Go Back   LinuxQuestions.org > Forums > Linux Forums > Linux - Networking
User Name
Password
Linux - Networking This forum is for any issue related to networks or networking.
Routing, network cards, OSI, etc. Anything is fair game.

Notices


Reply
  Search this Thread
Old 12-13-2015, 03:16 AM   #1
hack3rcon
Senior Member
 
Registered: Jan 2015
Posts: 1,432

Rep: Reputation: 11
Post iptables v1.4.14: unknown option "--to-destination"


Hello.
I use below iptables command on Debian but got an error :

$ sudo iptables -A INPUT -p tcp -j FORWARD --to-destination 172.30.10.11
iptables v1.4.14: unknown option "--to-destination"
Try `iptables -h' or 'iptables --help' for more information.


Any idea?
 
Old 12-13-2015, 05:25 AM   #2
unSpawn
Moderator
 
Registered: May 2001
Posts: 29,415
Blog Entries: 55

Rep: Reputation: 3600Reputation: 3600Reputation: 3600Reputation: 3600Reputation: 3600Reputation: 3600Reputation: 3600Reputation: 3600Reputation: 3600Reputation: 3600Reputation: 3600
Wrong jump type (forward vs redirect) and probably wrong table too.
 
Old 12-13-2015, 06:27 AM   #3
berndbausch
LQ Addict
 
Registered: Nov 2013
Location: Tokyo
Distribution: Mostly Ubuntu and Centos
Posts: 6,316

Rep: Reputation: 2002Reputation: 2002Reputation: 2002Reputation: 2002Reputation: 2002Reputation: 2002Reputation: 2002Reputation: 2002Reputation: 2002Reputation: 2002Reputation: 2002
Quote:
Originally Posted by hack3rcon View Post
Hello.
I use below iptables command on Debian but got an error :

$ sudo iptables -A INPUT -p tcp -j FORWARD --to-destination 172.30.10.11
iptables v1.4.14: unknown option "--to-destination"
Try `iptables -h' or 'iptables --help' for more information.
May I suggest the man page?
There is no target named FORWARD. There is however a FORWARD chain.
--to-destination is a parameter for the BALANCE and DNAT targets.
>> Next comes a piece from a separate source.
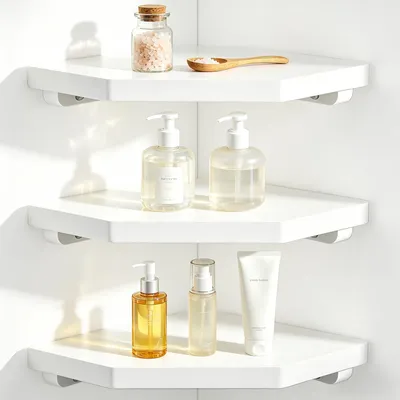 Produktbild von Wandregal Holz 3er Set, 28,5 cm, weiß, Eckregal für die Küche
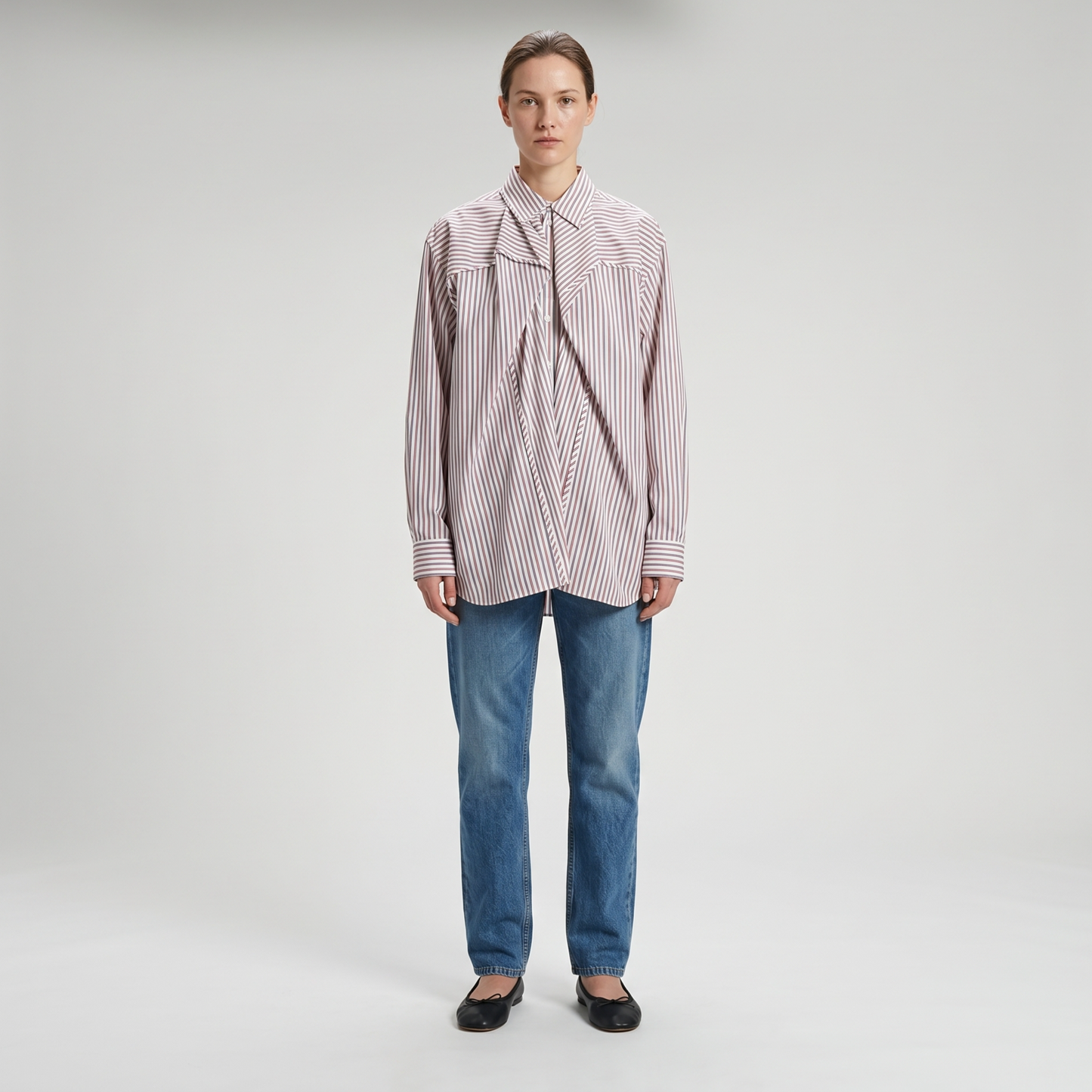 Deconstructed Striped Button-Up Shirt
The suggested REDIRECT wouldn't work I guess. This is what the man page says:
Quote:
REDIRECT

This target is only valid in the nat table, in the PREROUTING and OUTPUT chains, and user-defined chains which are only called from those chains. It redirects the packet to the machine itself by changing the destination IP to the primary address of the incoming interface (locally-generated packets are mapped to the 127.0.0.1 address). It takes one option:

--to-ports port[-port]
This specifies a destination port or range of ports to use: without this, the destination port is never altered. This is only valid if the rule also specifies -p tcp or -p udp.
 
Old 12-13-2015, 08:59 AM   #4
hack3rcon
Senior Member
 
Registered: Jan 2015
Posts: 1,432

Original Poster
Rep: Reputation: 11
What is your idea to solve it?
 
Old 12-13-2015, 09:57 AM   #5
Ser Olmy
Senior Member
 
Registered: Jan 2012
Distribution: Slackware
Posts: 3,334

Rep: Reputation: Disabled
Quote:
Originally Posted by hack3rcon View Post
What is your idea to solve it?
Well, what exactly is it that you want to accomplish?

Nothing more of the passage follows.